2. Le film autobiographique témoigne d'un manque d'invention de la part du cinéaste. Il y a moins de travail de la part du cinéaste. Il y a moins de travail à faire, puisque la matière est déjà là, à portée de main, toute prête. Il n'y a pas à se torturer les méninges pour trouver une intrigue inédite ni à faire une longue enquête sur les mœurs des baleiniers du Kamtchatka. Là encore, on retrouve la vieille rengaine classique qui couronne la fatigue et la sueur, et méprise la facilité. Il est certes immoral qu'un cinéaste puisse rater un film après avoir bossé des années sur son scénario et dépensé des dizaines de millions au tournage, tandis qu'un autre réussira la sien à partir d'un script échafaudé en quatre jours et en tournant trois semaines avec trois fois rien, mais c'est la loi de l'expression artistique.

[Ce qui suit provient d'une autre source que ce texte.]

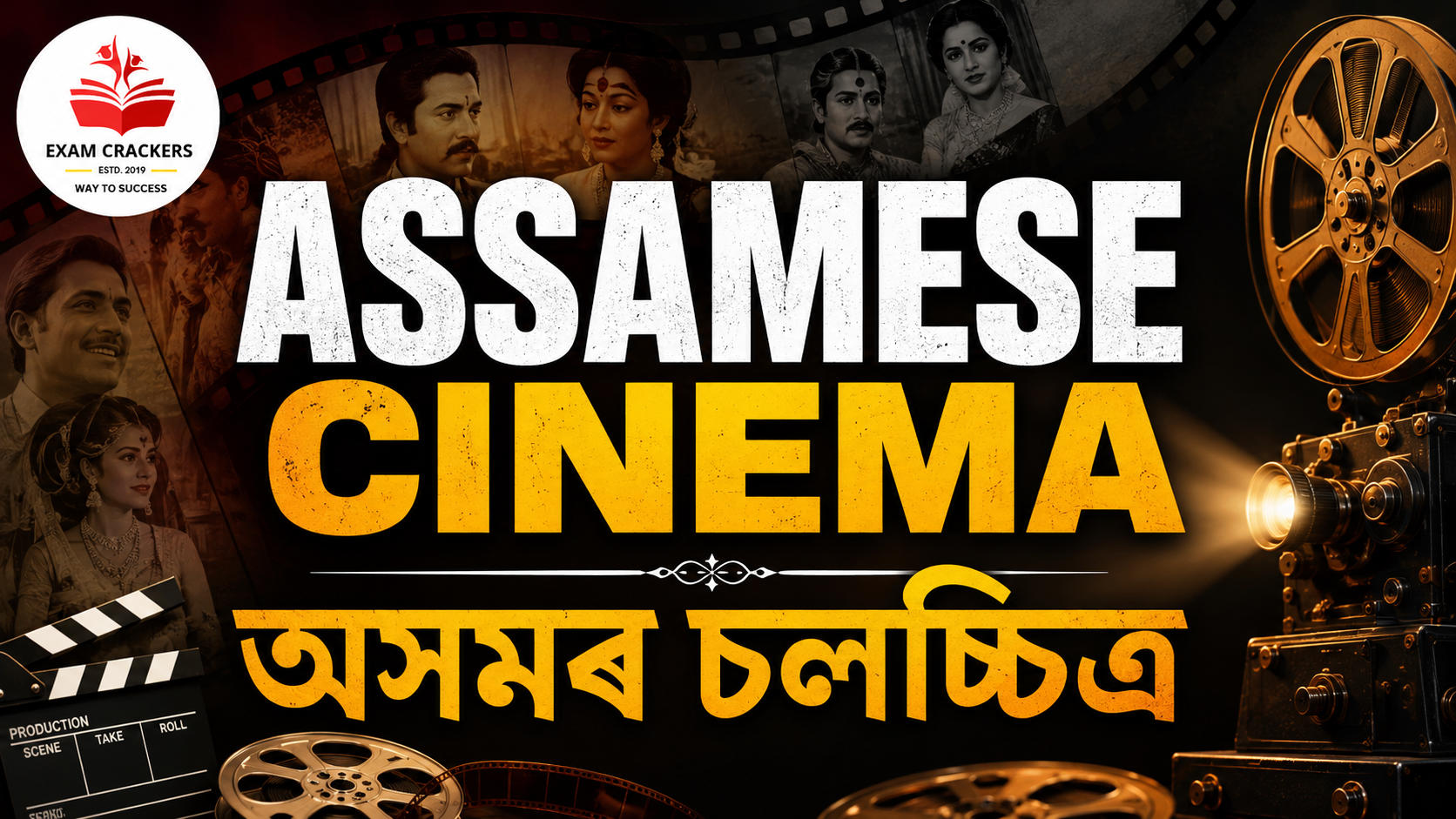 Assamese Cinema Quiz অসমৰ চলচ্চিত্ৰ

La matière autobiographique offre par contre un gros avantage : il y a là une connaissance directe de la réalité, précieuse, irrémplaçable, qui choque souvent parce que la Vérité est insolite, alors que le travail d'enquête repose souvent sur la parole de tiers, et les trasvestissements qui en découlent.

3. Le film autobiographique – et c'est ce qui gêne les producteurs, soucieux de miser sur des poulains à longue carrière – risque d'être sans lendemain : est-ce que le cinéaste pourra tourner quelque chose d'intéressant une fois qu'il aura épuisé le film de sa propre vie ? C'était le problème du grand ciénaste Bill Douglas, comme celui de l'écrivain Cavanna. Mais certains s'en tirent très bien, comme Allen, qui a réussi à exploiter avec brio sa vie trente ans durant, et c'est pas fini.

L'autobiographie, c'est un faux problème. Il est très difficile – faute d'information – de savoir si un film d'une contrée ou d'une époque lointaine, a une base autobiographique. On accusera parfois un film français d'être nombriliste, ça n'arrivera jamais à un film sénégalais ou japonais. Et pourtant, la présence du double dans Kagmusha est une référence au complexe d'infériorité vis-à-vis de son grand frère dont souffre Kurosawa. Ou Why Change your Life ? (DeMille, 1919) reconstitue un crêpage de chignon entre deux de ses maîtresses. Le grand champion du spectacle DeMille n'est-il pas aussi nombriliste que Garrel ?

A l'opposé, j'ai joué souvent la carte du faux dans mes films dits autobiographiques : Ma première brasse peut passer pour un film narcissique, étant donné que j'en suis l'interprète. Or, il s'agit d'un homme qui désire avant tout apprendre à nager, alors que dans la vie, je suis très fier de ne pas savoir nager. C'est donc l'exact contraire de l'autobiographie, que j'introduis plus volontiers – excellent masque – à travers mes personnages féminins.

Impossible de savoir où se cache vraiment l'autobiographie. Peut-être que tous le sbons films sont autobiographiques.